Log Correlation Queries:
# Elasticsearch query for error spike
curl -X GET "localhost:9200/logs-*/_search" -H 'Content-Type: application/json' -d'
{
"query": {
"bool": {
"must": [
{"match": {"level": "ERROR"}},
{"range": {"@timestamp": {"gte": "now-1h"}}}
]
}
},
"aggs": {
"errors_over_time": {
"date_histogram": {
"field": "@timestamp",
"interval": "5m"
}
}
}
}'
Pattern Recognition
Common Log Patterns:
# Log anomaly detection
import re
from collections import Counter
def analyze_logs(log_file):
error_patterns = Counter()
patterns = [
(r'OutOfMemoryError', 'OOM'),
(r'Connection refused', 'Connection Error'),
(r'Timeout|timed out', 'Timeout'),
(r'NullPointerException', 'NPE'),
(r'database is locked', 'DB Lock')
]
with open(log_file, 'r') as f:
for line in f:
for pattern, category in patterns:
if re.search(pattern, line, re.I):
error_patterns[category] += 1
return error_patterns.most_common(10)
Interview Scenarios
Common Troubleshooting Questions
-
"How would you debug a memory leak in production?"

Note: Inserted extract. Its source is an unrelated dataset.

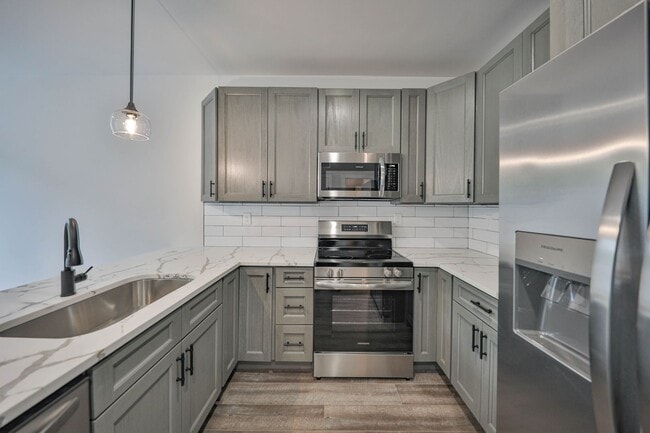 Foto del edificio - Brand New Luxury unit on Broadway in Bangor!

- Start with monitoring metrics
- Use heap dumps carefully
- Analyze with minimal impact
- Have rollback strategy
-
"A service is experiencing intermittent timeouts. How do you investigate?"
- Check network path
- Analyze connection pools
- Review timeout settings
- Look for patterns
-
"The database is slow. What's your approach?"
- Check slow query logs
- Analyze execution plans
- Review indexes
- Monitor connections
-
"How do you handle cascading failures?"
- Circuit breakers
- Bulkheads
- Timeout tuning
- Graceful degradation
Hands-On Scenarios
Scenario Setup for Practice:
# Create a problematic container
docker run -d --name buggy-app \
--memory="50m" \
--cpus="0.5" \
your/buggy-app:latest
# Introduce network latency
tc qdisc add dev eth0 root netem delay 100ms
# Simulate disk pressure
stress-ng --io 4 --timeout 60s
# Generate load
ab -n 10000 -c 100 http://localhost:8080/
Building a Troubleshooting Toolkit
Essential Scripts
System Health Check:
#!/bin/bash
# health_check.sh - Quick system health assessment
echo "=== System Health Check ==="
echo "Date: $(date)"
echo
echo "--- Load Average ---"
uptime
echo -e "\n--- Memory Usage ---"
free -h
echo -e "\n--- Disk Usage ---"
df -h | grep -vE '^Filesystem|tmpfs|cdrom'
echo -e "\n--- Top CPU Processes ---"
ps aux --sort=-cpu | head -5
echo -e "\n--- Network Connections ---"
ss -tan | grep ESTAB | wc -l
echo "Established connections: $(ss -tan | grep ESTAB | wc -l)"
echo -e "\n--- Recent Errors ---"
journalctl -p err -n 10 --no-pager
Documentation Templates
Incident Report Template:
# Incident Report: [Title]
**Date**: [YYYY-MM-DD]
**Duration**: [Start time - End time]
**Severity**: [P1/P2/P3]
**Services Affected**: [List services]
## Summary
[Brief description of the incident]
## Timeline
- HH:MM - [Event description]
- HH:MM - [Event description]
## Root Cause
[Detailed explanation of what caused the incident]
## Resolution
[Steps taken to resolve the issue]
## Impact
- [Customer impact]
- [Business impact]
## Lessons Learned
1. [What went well]
2. [What could be improved]
## Action Items
- [ ] [Action item with owner]
- [ ] [Action item with owner]
Resources for Continuous Learning
Books
- 📚 Site Reliability Engineering - Google
- 📚 Debugging: The 9 Indispensable Rules - David Agans
- 📚 Effective Debugging - Diomidis Spinellis
Online Resources
- 📖 Brendan Gregg's Performance Site
- 🎥 SREcon Talks
- 📖 Production Readiness Checklist
- 🎮 Troubleshooting Scenarios
Tools to Master
- Monitoring: Prometheus, Grafana, Datadog
- Tracing: Jaeger, Zipkin, AWS X-Ray
- Logging: ELK Stack, Fluentd, Splunk
- Profiling: pprof, Java Flight Recorder, perf
Remember: The best troubleshooters combine systematic thinking, deep technical knowledge, and excellent communication skills. Every incident is an opportunity to improve your systems and processes.